On comprend ainsi l'art poétique de Michaux contenu dans l'Avenir de la poésie (conférence prononcée au congrès des Pen-clubs à Buenos-Aires en 1936) et dans Recherche dans la poésie contemporaine publiée la même année. "Forme exorcisante de la pensée, [...] elle va nous rendre habitable l'inhabitable, respirable, l'irrespirable" ; et si nous ne savons guère aujourd'hui ce qu'elle est, Michaux affirme, en résolument moderne qu'il est, qu' "elle devient surtout une méthode de recherche", et complète cet axiome par cet acte de foi : "La grande poésie appartiendra toujours à ceux qui ont cherché plus que la poésie, à ceux qui ont dominé ou dépassé la nature humaine, aux savants ou aux mystiques" ; sans oublier que "la poésie doit moins s'écouter que se faire", chacun devant "trouver sa poésie". On pourrait se dire que cette adresse à la majorité humaine, dont chacun est promu écrivain potentiel, est toute rhétorique.
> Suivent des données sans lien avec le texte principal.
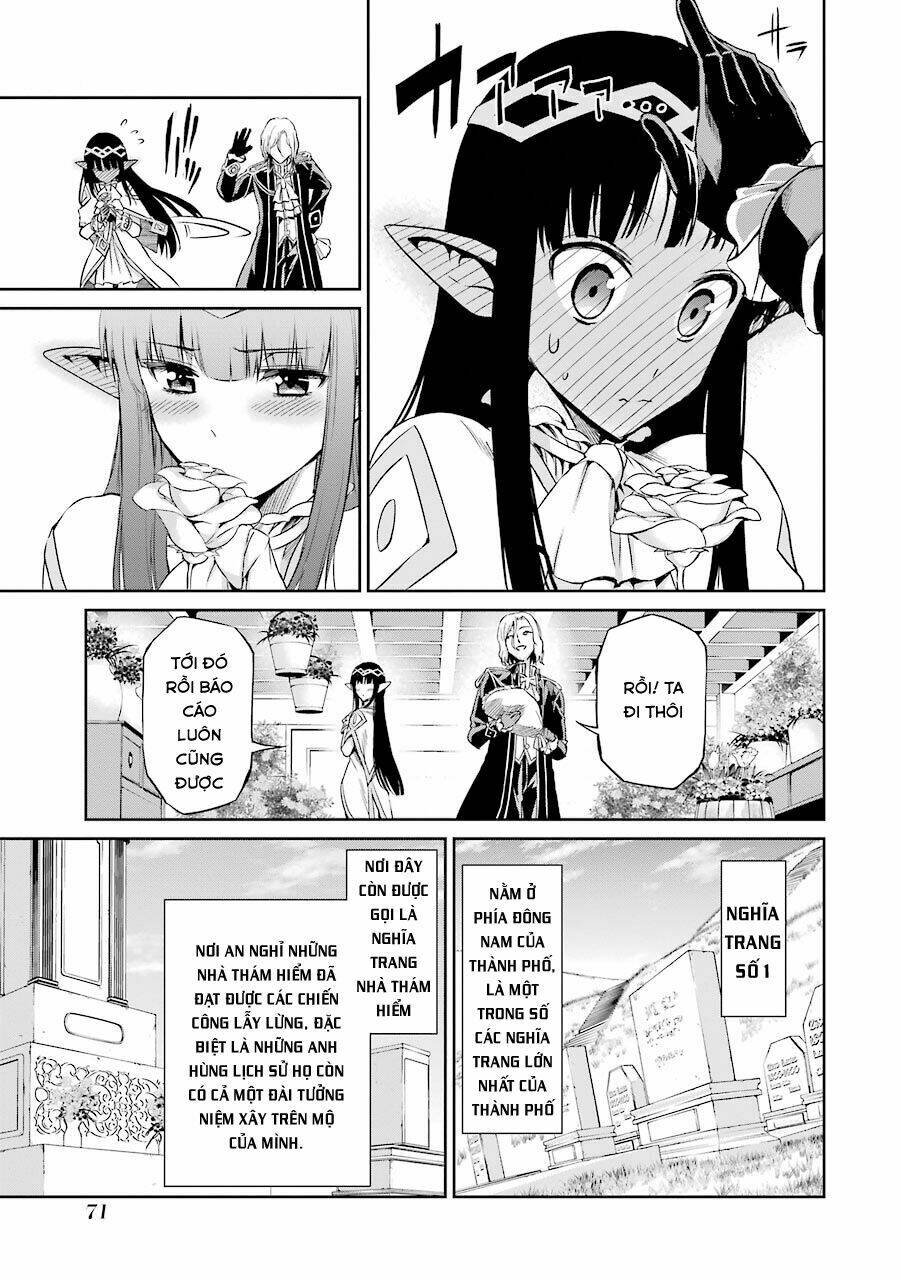 Dungeon Ni Deai Wo Motomeru No Wa Machigatte Iru Darou Ka Gaiden - Sword Oratoria Chương 18 Ảnh 32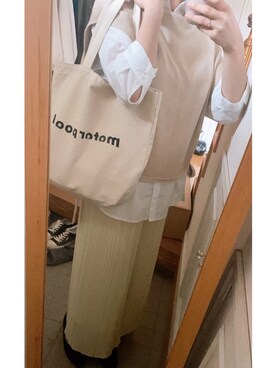 うなちゃんさん（レディース・162cm）の春コーディネート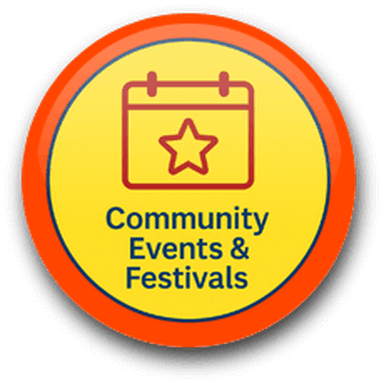 Community Events & Festivals badge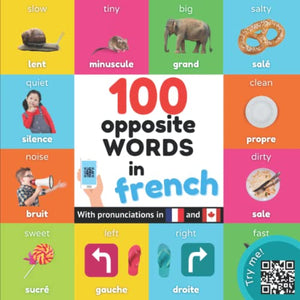 100 opposite words in french 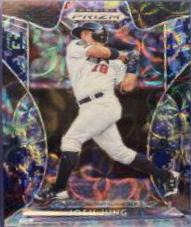 Josh Jung [Camo Prizm] #98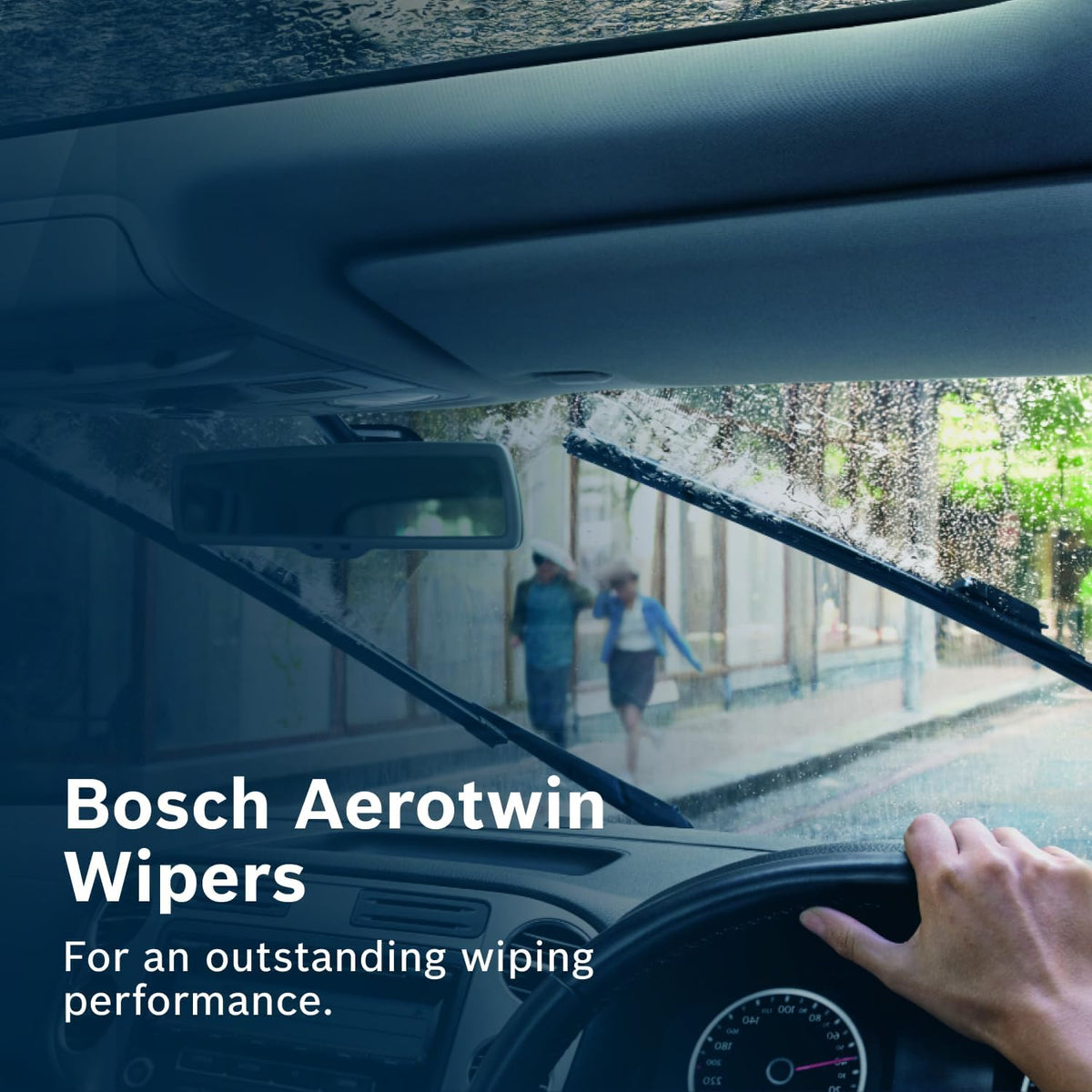 Bosch Aerotwin A 298 S - Front Windscreen Wipers, 2 Blades, 600 mm / 500 mm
Mais un "faiseur" n'aurait pas tenu : il aurait manqué de sincérité. Michaux écrivit un jour cette phrase programmatique : "Quand un homme s'est mis en alexandrins il a beaucoup de peine à rentrer dans le civil."

 

"Quand un homme s'est mis en alexandrins il a beaucoup de peine à rentrer dans le civil"

La guerre de 1939-1945 allait rappeler à cet homme, pourtant en prise avec la réalité, celle de "l'humain, l'inhumain, la beauté, les maisons, les échafaudages, les ruines, les vieux, les jeunes, les bateaux, les restes de naufrages, les voiliers" (6), qu'il y avait des réalités (civiles) plus dures encore. Devant ces réalités, les réponses littéraires furent multiples. Il y eut la voix des "poètes de la Résistance", Aragon, Char, Eluard, Jouve, Moussinac ; celle des poètes prisonniers, Desnos, Frénaud. Michaux, lui, ne se départit pas de sa position discrète. Or, s'il voulut entrer en résistance, le gouvernement de Vichy eut tôt fait de lui rappeler sa belgitude et donc de l'assigner à résidence dans le Var. Et pourtant Michaux ne resta pas muet, comme en témoigne la Marche dans le tunnel, et plus largement Epreuves, exorcismes (1946) : "Les pensées, les propos étaient mitraillés. L'air même était devenu policier." Mais là aussi, Michaux fit encore de soi un laboratoire et, fort de son expérience, il prôna l'exorcisme, "réaction en force, en attaque de bélier [...] le véritable poème du prisonnier [...] à ceux qui vivent en dépendance malheureuse", soulignant toutefois que "la mise en marche du moteur est difficile, le presque désespoir seul y arrive".

On le voit, au-delà des plaisirs de la lecture, la présente édition nous aura permis de découvrir une oeuvre dont on savait fort peu qu'elle était si humaine.


Henri Michaux, OEuvres complètes, tome I, Gallimard, Bibliothèque de la Pléiade, 1584 p., 440 F

1. André Gide, Découvrons Henri Michaux, Gallimard, 1941.

2. André Gide, op.cit.

3. Henri Michaux, Plume précédé de Lointain intérieur, 1938, 1963, etc.

4. Etrange, mais je retrouve les mêmes mots chez un voyageur suisse qui, au XVIIIe siècle, séjourna à Worpswede, un village au nord de Brême qui, au début de notre siècle, allait accueillir temporairement Rilke et plus longuement les peintres Fritz Mackensen, Otto Modersohn, Fritz Overbeck, Hans am Ende et Heinrich Vogeler.

5. En Belgique, 1930 (ici p. 268)

6. Recherche dans la poésie contemporaine, ici p. 974.